What are your goals towards logo design, personal or going professional? I’m asking this because the design industry uses the Adobe suite. If you want to land a job I’d say dive right into Photoshop and Illustrator or you have double the work to do
I am a beginner as well, just learning as a student. Some of what we’ve been learning about logo design is that it needs to have contrast, and it needs to work well in both large and small installations. I’m thinking a simpler design would give you bolder contrast…And I’d also worry that the small text in quotes would be lost if the logo were printed in a small size.
Designer’s job is to treat data not as data but as visual elements!
People hire designers eyes not their skills on design software!
Logos must be harmonious so they can look like one entity instead of a landscape!

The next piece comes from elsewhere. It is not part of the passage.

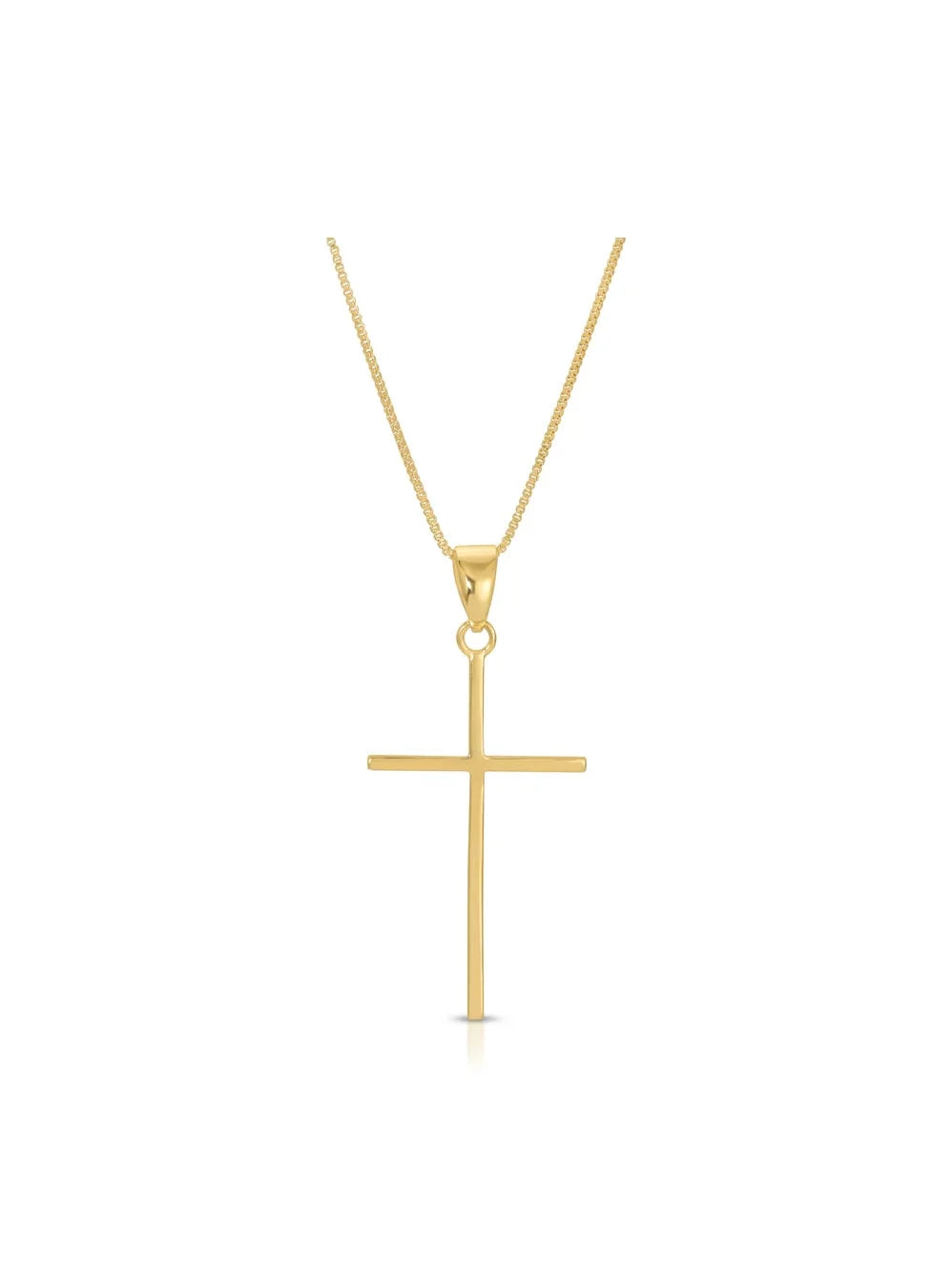 Men's Cross on Rope Chain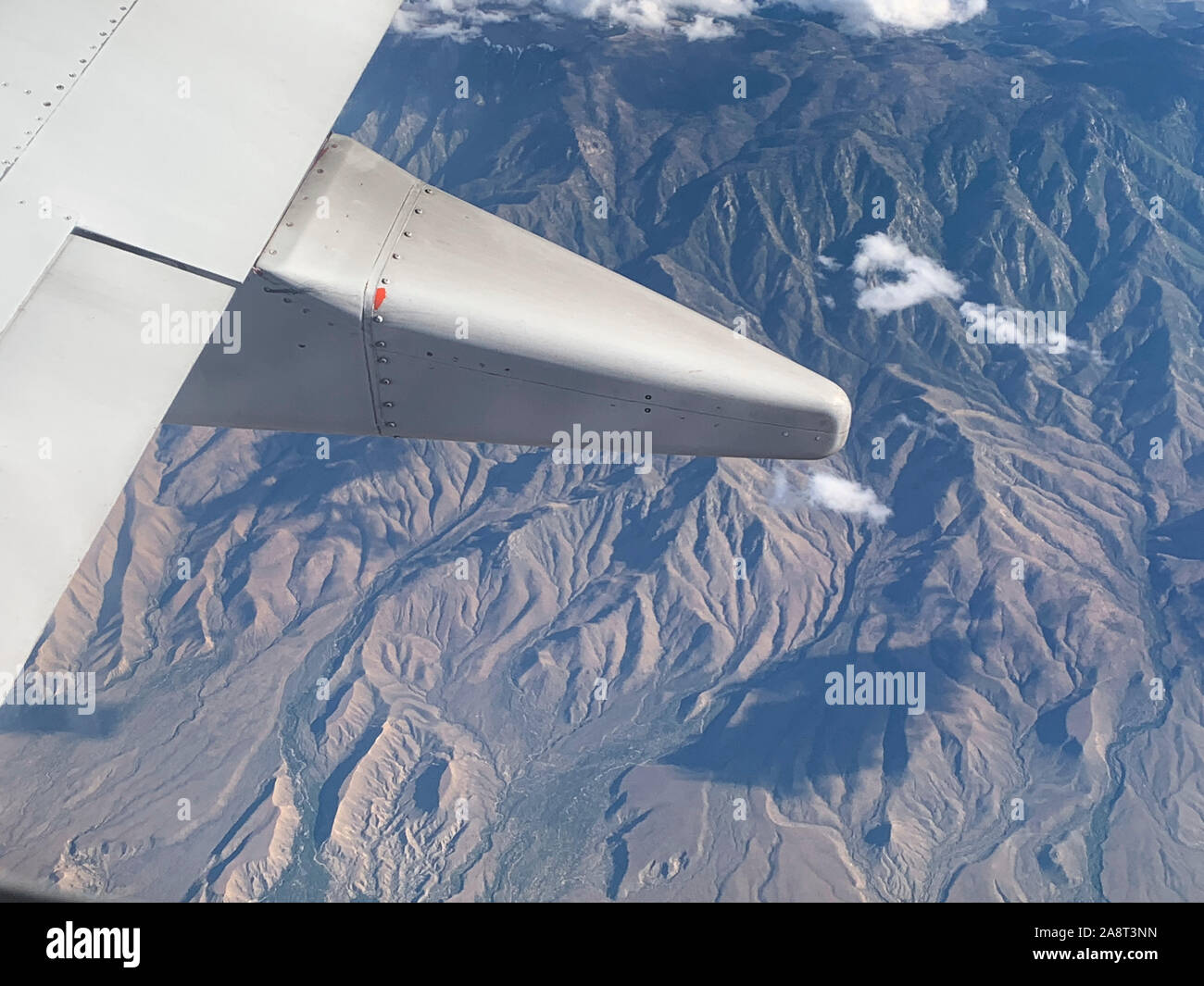 aerial view of Phoenix, Arizona - San Tan Mountain Stock Photo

You need to fill up your eyes and you memory with good stuff made by professional so you can guess if you work looks like something that have be done by a professional!
The best way to judge the shape is by getting rid of color! Monochome is better!
I’m also a student, one of the things I learned in class is to take elements away one by one to see if the design still has unity and coherency without it, and then if it is fine without that element, don’t add it back it. Otherwise you can have too many unnecessary elements. Hope I said that right!
Uh, if you can’t make the software do what your mind’s eye sees, that’s a bit of a problem for a designer.
I was also going to comment on this quote to the other day, but let it pass.
I agree with the notion that people should hire designers for their design skills. The savvy ones do. Unfortunately, many clients and employer believe they’re hiring little more than artsy decorators with software skills to help execute their visions.
Um … they actually only hire the cheapest ones.
Hi there, I think there’s a lot going in this logo. I would recommend simplifying it down to one or two colors, and sticking with the wings or the stars. I also would get rid of the quote as well. I am just giving you my own feedback as to what I would do but I am also learning as well. Good luck!